--- Material shown ---

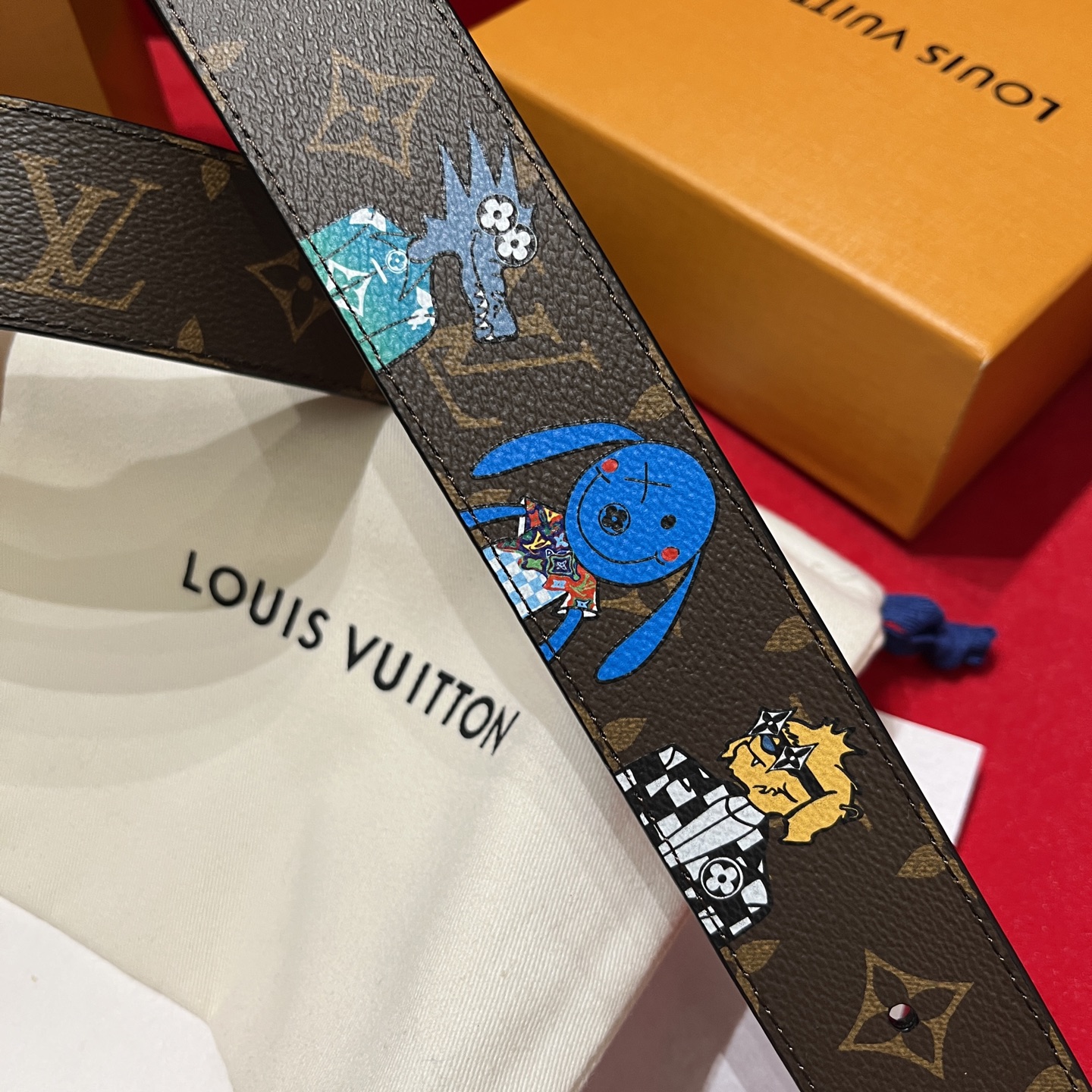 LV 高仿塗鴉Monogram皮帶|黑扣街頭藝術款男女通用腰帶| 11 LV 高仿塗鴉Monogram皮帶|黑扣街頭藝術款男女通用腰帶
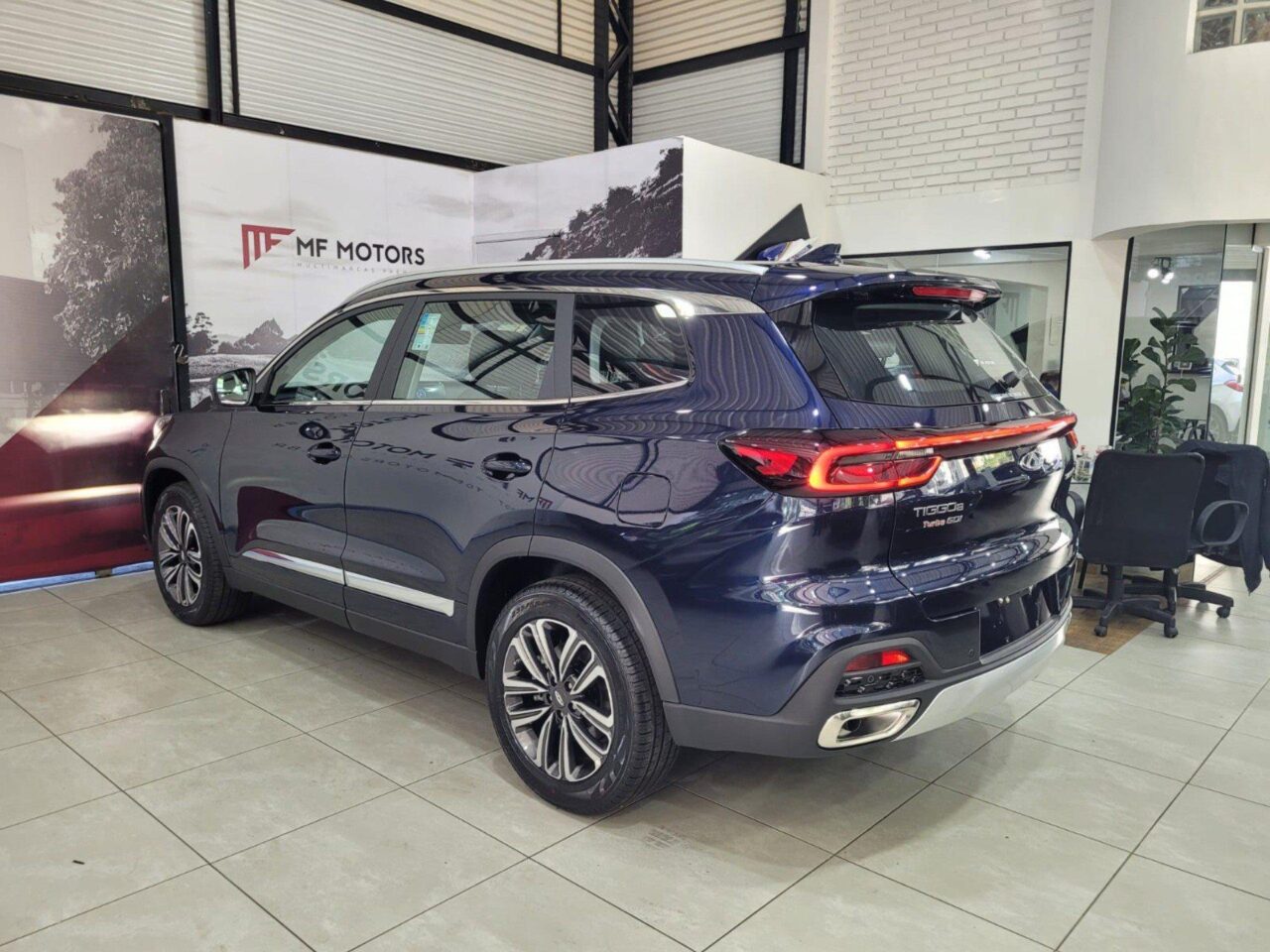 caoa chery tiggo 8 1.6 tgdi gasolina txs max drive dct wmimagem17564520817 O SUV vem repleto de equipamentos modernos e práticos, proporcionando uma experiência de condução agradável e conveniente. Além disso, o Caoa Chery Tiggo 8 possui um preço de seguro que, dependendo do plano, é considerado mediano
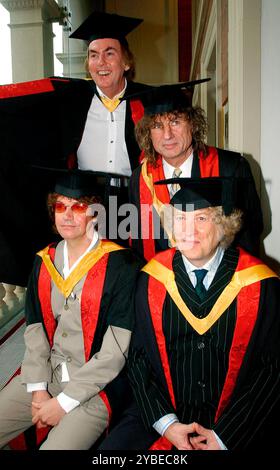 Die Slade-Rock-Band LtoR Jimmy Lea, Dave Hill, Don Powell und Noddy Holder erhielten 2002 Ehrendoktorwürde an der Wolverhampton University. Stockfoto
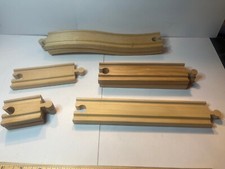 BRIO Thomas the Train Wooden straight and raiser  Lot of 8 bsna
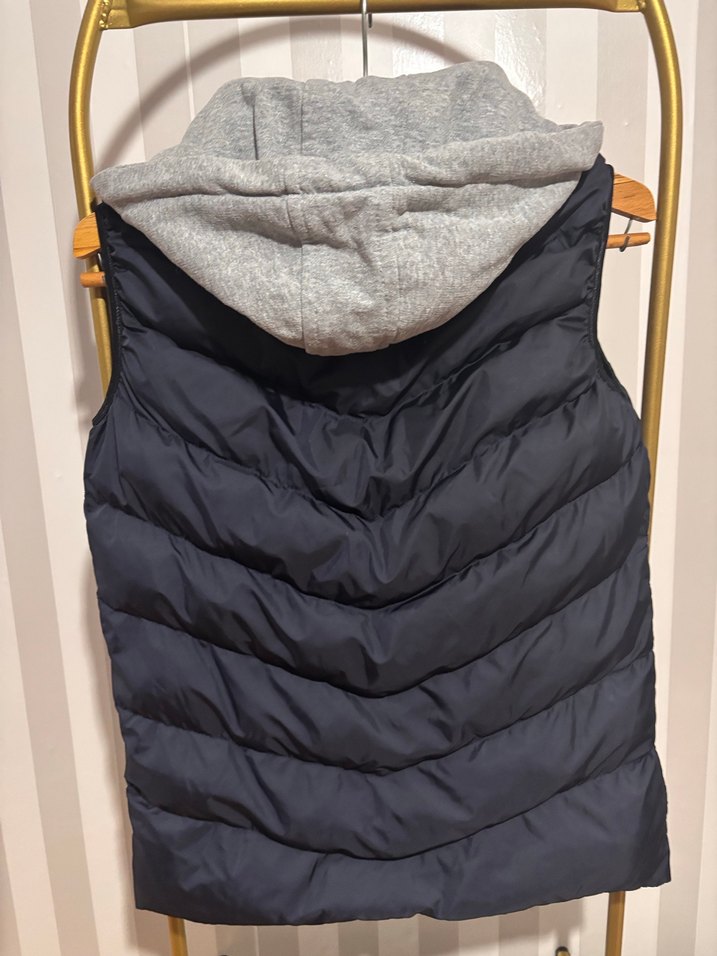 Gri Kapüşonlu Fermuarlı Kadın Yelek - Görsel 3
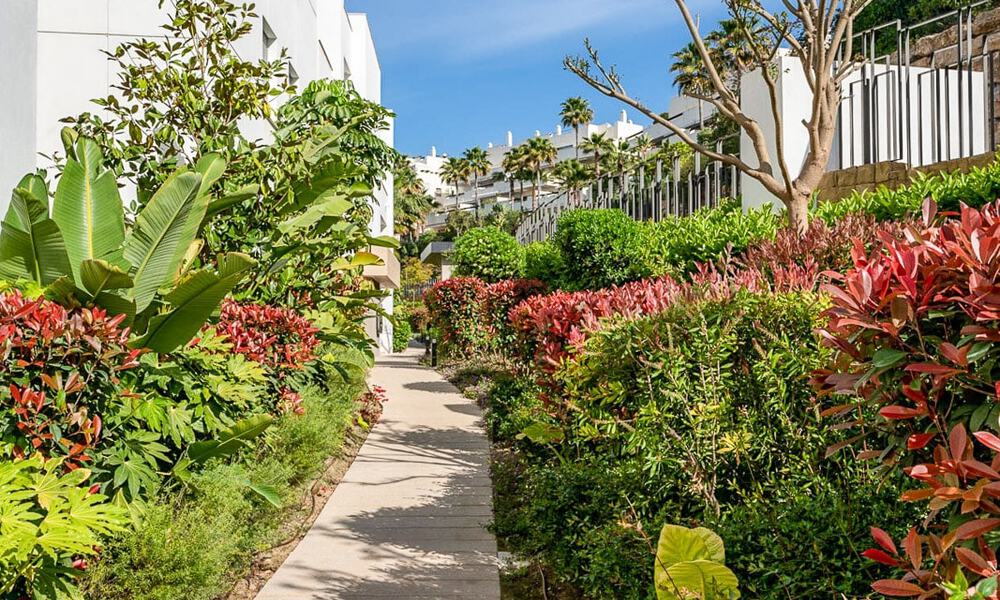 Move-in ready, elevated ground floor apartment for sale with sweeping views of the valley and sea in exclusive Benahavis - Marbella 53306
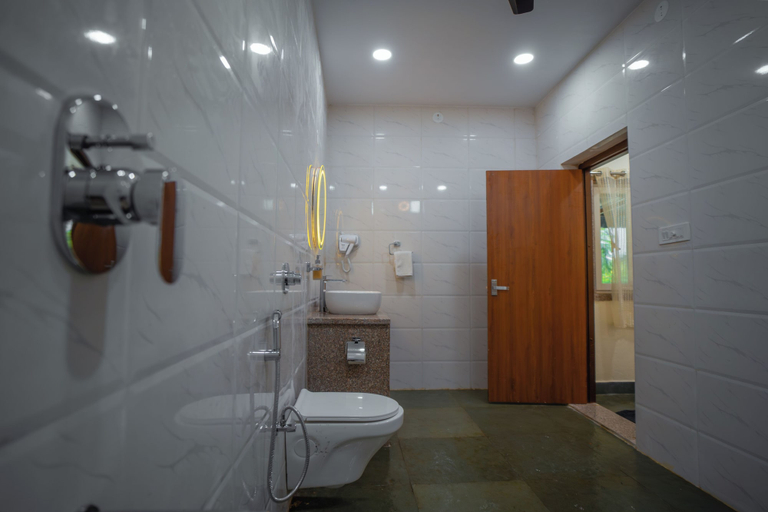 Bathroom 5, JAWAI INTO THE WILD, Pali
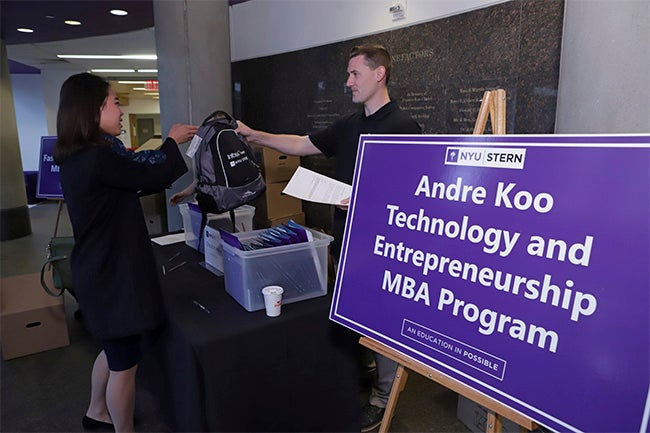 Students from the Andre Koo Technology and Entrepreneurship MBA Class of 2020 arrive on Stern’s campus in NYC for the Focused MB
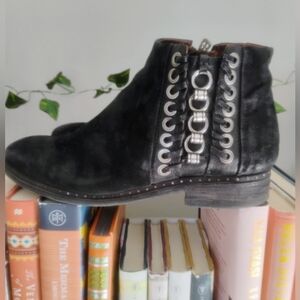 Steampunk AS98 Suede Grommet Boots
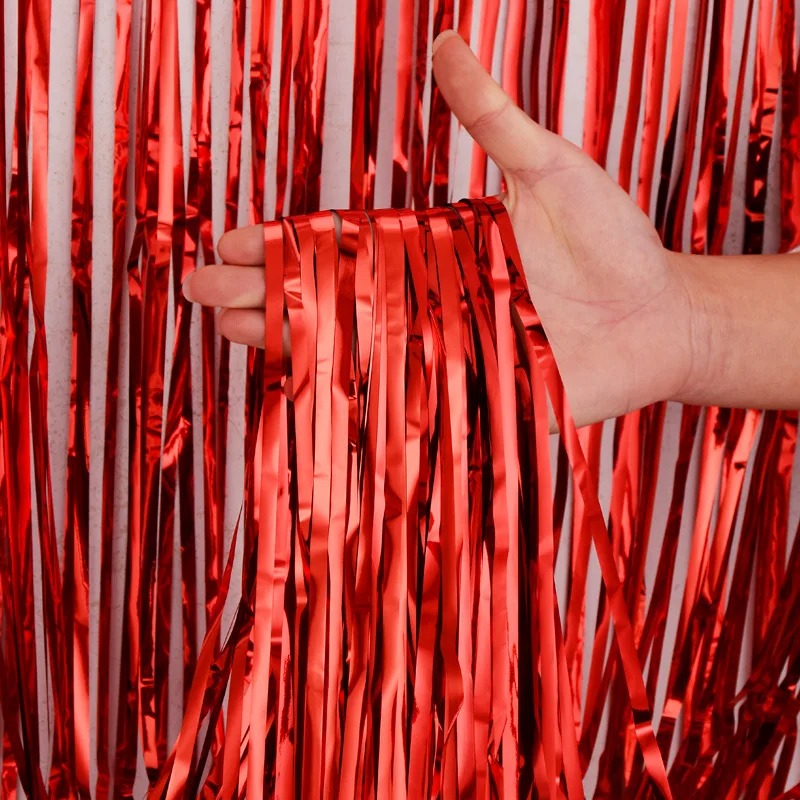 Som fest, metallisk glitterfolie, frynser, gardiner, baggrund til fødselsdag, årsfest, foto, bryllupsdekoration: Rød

---

Your answer should be the exact lines above from the one containing "BRIO Thomas the" through the one containing "Move-in ready, elevated", with both end lines kept and the pictures removed, please.

**Exercise response**.
 BRIO Thomas the Train Wooden straight and raiser  Lot of 8 bsna
 Gri Kapüşonlu Fermuarlı Kadın Yelek - Görsel 3
 Move-in ready, elevated ground floor apartment for sale with sweeping views of the valley and sea in exclusive Benahavis - Marbella 53306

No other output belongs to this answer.